回想下前面讲过,所有的dim和label会拼接在一起生成一个长字符串存储,在例子中,用户一般是根据其自定义的dim来查找比如例子里面根据"Author" 或者"Publish Year"来查找,所以在读取term的的时候要确定前几个term是属于同一个dim(例如"Author"),prefixToOrdRange 就是为了确定每一个dim在所有的存储docvalues的范围,以便做后续统计。
再来看SortedSetDocValuesFacetCounts 做了什么:
SortedSetDocValues 的初始话过程主要就是每个term的频率统计,深入看看segValues的查找每个term的结构:
最后看归并的过程:
到此所有的SortedSetDocValues 查找和索引都基本分析完结了。
//SimpleSortedSetFacetsExample
private List<FacetResult> search() throws IOException {
DirectoryReader indexReader = DirectoryReader.open(indexDir);
IndexSearcher searcher = new IndexSearcher(indexReader);
/**建立SortedSetDocValuesReader 实例,并且将SortedSetDocValues 做了一部分预处理*/
SortedSetDocValuesReaderState state = new DefaultSortedSetDocValuesReaderState(indexReader);
// Aggregatses the facet counts
FacetsCollector fc = new FacetsCollector();
// MatchAllDocsQuery is for "browsing" (counts facets
// for all non-deleted docs in the index); normally
// you'd use a "normal" query:
//先对所有的文档进行搜索,拿出所有的文档id,再来进行facet
FacetsCollector.search(searcher, new MatchAllDocsQuery(), 10, fc);
// Retrieve results
//对每个文档的$facets field 值进行统计
Facets facets = new SortedSetDocValuesFacetCounts(state, fc);
List<FacetResult> results = new ArrayList<>();
//开始对特定条件的facet进行归并
results.add(facets.getTopChildren(10, "Author"));
results.add(facets.getTopChildren(10, "Publish Year"));
indexReader.close();
return results;
}
先看看SortedSetDocValuesReaderState 都做了什么?
/** Creates this, pulling doc values from the specified
* field. */
public DefaultSortedSetDocValuesReaderState(IndexReader reader, String field) throws IOException {
this.field = field;
this.origReader = reader;
// We need this to create thread-safe MultiSortedSetDV
// per collector:
topReader = SlowCompositeReaderWrapper.wrap(reader);
/**读取上章存储的数据字典集主要包括上章提及的OrdMap,ordinalCountsm,OrdinalIndex*/
SortedSetDocValues dv = topReader.getSortedSetDocValues(field);
if (dv == null) {
throw new IllegalArgumentException("field \"" + field + "\" was not indexed with SortedSetDocValues");
}
if (dv.getValueCount() > Integer.MAX_VALUE) {
throw new IllegalArgumentException("can only handle valueCount < Integer.MAX_VALUE; got " + dv.getValueCount());
}
//已经存储多少个docvalues(去重)
valueCount = (int) dv.getValueCount();
// TODO: we can make this more efficient if eg we can be
// "involved" when OrdinalMap is being created?
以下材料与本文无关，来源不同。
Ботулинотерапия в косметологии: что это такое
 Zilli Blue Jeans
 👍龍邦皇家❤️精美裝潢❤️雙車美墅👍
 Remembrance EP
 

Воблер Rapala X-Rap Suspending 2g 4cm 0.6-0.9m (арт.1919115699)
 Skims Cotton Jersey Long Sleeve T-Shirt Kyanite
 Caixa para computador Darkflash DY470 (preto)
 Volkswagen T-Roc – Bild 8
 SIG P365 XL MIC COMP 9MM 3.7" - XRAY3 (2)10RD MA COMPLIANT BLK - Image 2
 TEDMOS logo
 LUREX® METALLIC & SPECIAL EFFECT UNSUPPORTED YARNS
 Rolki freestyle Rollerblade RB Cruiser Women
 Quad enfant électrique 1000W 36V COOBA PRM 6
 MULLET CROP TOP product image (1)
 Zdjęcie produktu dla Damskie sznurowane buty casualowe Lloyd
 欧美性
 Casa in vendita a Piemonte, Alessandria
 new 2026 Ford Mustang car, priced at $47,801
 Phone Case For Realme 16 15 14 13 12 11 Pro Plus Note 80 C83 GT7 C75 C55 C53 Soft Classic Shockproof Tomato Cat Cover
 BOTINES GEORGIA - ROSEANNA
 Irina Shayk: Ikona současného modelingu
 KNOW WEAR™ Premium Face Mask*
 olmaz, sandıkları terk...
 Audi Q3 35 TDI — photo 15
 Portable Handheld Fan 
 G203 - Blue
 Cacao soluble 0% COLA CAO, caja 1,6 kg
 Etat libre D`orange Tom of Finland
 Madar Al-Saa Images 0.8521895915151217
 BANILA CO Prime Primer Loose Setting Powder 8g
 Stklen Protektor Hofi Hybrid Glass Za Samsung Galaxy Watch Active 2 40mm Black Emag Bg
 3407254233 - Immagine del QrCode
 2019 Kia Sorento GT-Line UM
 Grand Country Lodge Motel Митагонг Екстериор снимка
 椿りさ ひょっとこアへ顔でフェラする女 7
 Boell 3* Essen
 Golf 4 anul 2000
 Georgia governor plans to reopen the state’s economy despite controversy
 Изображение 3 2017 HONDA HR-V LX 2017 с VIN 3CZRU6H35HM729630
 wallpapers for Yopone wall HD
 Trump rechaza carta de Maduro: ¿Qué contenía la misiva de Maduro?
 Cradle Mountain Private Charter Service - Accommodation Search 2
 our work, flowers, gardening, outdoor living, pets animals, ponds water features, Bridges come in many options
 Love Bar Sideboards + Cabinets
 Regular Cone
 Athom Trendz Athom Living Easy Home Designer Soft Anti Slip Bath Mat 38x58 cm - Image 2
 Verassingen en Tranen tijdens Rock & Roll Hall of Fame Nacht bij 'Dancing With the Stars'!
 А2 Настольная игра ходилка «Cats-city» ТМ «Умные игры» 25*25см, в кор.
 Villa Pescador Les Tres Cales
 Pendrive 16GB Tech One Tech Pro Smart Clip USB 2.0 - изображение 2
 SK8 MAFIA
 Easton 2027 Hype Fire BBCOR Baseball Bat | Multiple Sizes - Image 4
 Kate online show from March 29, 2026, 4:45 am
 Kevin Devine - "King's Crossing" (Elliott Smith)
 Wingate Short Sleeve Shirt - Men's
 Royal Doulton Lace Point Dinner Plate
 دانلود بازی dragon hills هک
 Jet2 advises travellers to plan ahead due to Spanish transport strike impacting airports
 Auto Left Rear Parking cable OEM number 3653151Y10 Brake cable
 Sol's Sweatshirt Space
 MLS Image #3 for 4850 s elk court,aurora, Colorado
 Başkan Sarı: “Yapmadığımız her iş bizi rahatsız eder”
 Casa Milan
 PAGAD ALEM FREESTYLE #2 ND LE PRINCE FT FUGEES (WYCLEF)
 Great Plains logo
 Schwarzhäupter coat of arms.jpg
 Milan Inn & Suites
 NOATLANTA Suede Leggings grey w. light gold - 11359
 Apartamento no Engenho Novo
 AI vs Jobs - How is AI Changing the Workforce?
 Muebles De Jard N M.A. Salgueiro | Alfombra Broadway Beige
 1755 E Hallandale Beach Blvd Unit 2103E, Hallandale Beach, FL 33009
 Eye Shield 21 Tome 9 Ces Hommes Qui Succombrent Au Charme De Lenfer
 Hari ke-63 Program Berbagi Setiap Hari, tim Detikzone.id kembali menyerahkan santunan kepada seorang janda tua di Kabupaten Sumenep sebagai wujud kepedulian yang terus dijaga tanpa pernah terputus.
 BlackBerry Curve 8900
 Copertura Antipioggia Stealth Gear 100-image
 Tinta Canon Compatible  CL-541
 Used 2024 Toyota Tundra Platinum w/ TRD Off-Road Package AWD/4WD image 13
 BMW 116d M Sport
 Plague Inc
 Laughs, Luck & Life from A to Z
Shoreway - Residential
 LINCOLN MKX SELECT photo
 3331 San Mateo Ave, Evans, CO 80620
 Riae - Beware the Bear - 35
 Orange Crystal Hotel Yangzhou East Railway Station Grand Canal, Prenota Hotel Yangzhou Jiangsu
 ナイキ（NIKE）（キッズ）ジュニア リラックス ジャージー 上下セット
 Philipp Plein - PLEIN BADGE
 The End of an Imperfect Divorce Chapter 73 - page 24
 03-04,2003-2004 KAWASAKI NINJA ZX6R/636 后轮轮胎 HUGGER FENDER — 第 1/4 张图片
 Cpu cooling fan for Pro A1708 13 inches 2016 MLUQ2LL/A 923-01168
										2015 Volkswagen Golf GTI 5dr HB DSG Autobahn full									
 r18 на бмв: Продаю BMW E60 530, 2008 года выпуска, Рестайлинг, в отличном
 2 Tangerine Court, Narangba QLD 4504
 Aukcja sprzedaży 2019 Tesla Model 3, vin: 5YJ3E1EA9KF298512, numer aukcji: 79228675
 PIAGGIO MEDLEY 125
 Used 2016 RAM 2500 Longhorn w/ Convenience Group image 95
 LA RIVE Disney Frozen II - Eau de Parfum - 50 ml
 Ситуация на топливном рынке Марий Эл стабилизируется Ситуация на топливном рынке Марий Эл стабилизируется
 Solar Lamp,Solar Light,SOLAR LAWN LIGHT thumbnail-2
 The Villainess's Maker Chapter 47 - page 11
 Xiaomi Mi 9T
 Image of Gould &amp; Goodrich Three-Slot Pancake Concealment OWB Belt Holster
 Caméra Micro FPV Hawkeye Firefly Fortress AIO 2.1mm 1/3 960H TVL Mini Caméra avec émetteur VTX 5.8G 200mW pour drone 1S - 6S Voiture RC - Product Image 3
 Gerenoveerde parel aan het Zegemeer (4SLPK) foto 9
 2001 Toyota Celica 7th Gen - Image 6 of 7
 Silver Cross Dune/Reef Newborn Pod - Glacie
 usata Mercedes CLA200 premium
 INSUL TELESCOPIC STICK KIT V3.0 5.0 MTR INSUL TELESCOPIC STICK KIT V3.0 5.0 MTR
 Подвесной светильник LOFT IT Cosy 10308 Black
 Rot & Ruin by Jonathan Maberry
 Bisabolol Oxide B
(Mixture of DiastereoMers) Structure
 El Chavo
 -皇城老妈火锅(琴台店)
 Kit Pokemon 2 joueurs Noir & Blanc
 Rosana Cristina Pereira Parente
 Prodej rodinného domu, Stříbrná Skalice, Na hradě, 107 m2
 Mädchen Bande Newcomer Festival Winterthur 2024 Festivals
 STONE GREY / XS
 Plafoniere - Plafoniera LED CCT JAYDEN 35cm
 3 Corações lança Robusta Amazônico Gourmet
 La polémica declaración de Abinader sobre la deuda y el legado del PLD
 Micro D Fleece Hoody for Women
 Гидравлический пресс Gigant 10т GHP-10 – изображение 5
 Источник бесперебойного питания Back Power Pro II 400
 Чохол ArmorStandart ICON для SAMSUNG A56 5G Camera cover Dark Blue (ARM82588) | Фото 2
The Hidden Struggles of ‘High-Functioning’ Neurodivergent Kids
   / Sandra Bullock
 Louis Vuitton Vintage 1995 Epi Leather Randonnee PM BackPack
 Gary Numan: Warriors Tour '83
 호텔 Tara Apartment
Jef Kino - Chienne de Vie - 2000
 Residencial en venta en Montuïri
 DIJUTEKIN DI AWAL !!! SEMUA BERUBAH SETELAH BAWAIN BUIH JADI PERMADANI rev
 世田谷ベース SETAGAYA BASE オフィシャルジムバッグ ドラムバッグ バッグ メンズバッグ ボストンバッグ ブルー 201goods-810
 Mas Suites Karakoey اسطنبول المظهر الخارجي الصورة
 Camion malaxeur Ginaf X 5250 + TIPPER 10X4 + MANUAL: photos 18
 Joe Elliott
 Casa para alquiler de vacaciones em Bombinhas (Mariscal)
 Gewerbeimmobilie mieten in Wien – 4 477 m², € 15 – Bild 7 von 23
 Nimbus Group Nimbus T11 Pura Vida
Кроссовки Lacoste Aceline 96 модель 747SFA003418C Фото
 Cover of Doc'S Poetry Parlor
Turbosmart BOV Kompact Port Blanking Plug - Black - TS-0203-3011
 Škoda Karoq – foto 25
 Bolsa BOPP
Ie see
// each term/ord it's assigning as it goes...
String lastDim = null;
int startOrd = -1;
// TODO: this approach can work for full hierarchy?;
// TaxoReader can't do this since ords are not in
// "sorted order" ... but we should generalize this to
// support arbitrary hierarchy:
//循环查找所有存储的docvalues,确定同一个dim 在存储的binary的范围
for(int ord=0;ord<valueCount;ord++) {
final BytesRef term = dv.lookupOrd(ord);
String[] components = FacetsConfig.stringToPath(term.utf8ToString());
if (components.length != 2) {
throw new IllegalArgumentException("this class can only handle 2 level hierarchy (dim/value); got: " + Arrays.toString(components) + " " + term.utf8ToString());
}
if (!components[0].equals(lastDim)) {
if (lastDim != null) {
prefixToOrdRange.put(lastDim, new OrdRange(startOrd, ord-1));
}
startOrd = ord;
lastDim = components[0];
}
}
if (lastDim != null) {
prefixToOrdRange.put(lastDim, new OrdRange(startOrd, valueCount-1));
}
}
回想下前面讲过,所有的dim和label会拼接在一起生成一个长字符串存储,在例子中,用户一般是根据其自定义的dim来查找比如例子里面根据"Author" 或者"Publish Year"来查找,所以在读取term的的时候要确定前几个term是属于同一个dim(例如"Author"),prefixToOrdRange 就是为了确定每一个dim在所有的存储docvalues的范围,以便做后续统计。
再来看SortedSetDocValuesFacetCounts 做了什么:
public SortedSetDocValuesFacetCounts(SortedSetDocValuesReaderState state, FacetsCollector hits)
throws IOException {
this.state = state;
this.field = state.getField();
dv = state.getDocValues();
counts = new int[state.getSize()];
//System.out.println("field=" + field);
//开始统计所有的term在文档的出现次数
count(hits.getMatchingDocs());
}
private final void count(List<MatchingDocs> matchingDocs) throws IOException {
//System.out.println("ssdv count");
MultiDocValues.OrdinalMap ordinalMap;
// TODO: is this right? really, we need a way to
// verify that this ordinalMap "matches" the leaves in
// matchingDocs...
if (dv instanceof MultiSortedSetDocValues && matchingDocs.size() > 1) {
ordinalMap = ((MultiSortedSetDocValues) dv).mapping;
} else {
ordinalMap = null;
}
IndexReader origReader = state.getOrigReader();
for(MatchingDocs hits : matchingDocs) {
LeafReader reader = hits.context.reader();
//System.out.println(" reader=" + reader);
// LUCENE-5090: make sure the provided reader context "matches"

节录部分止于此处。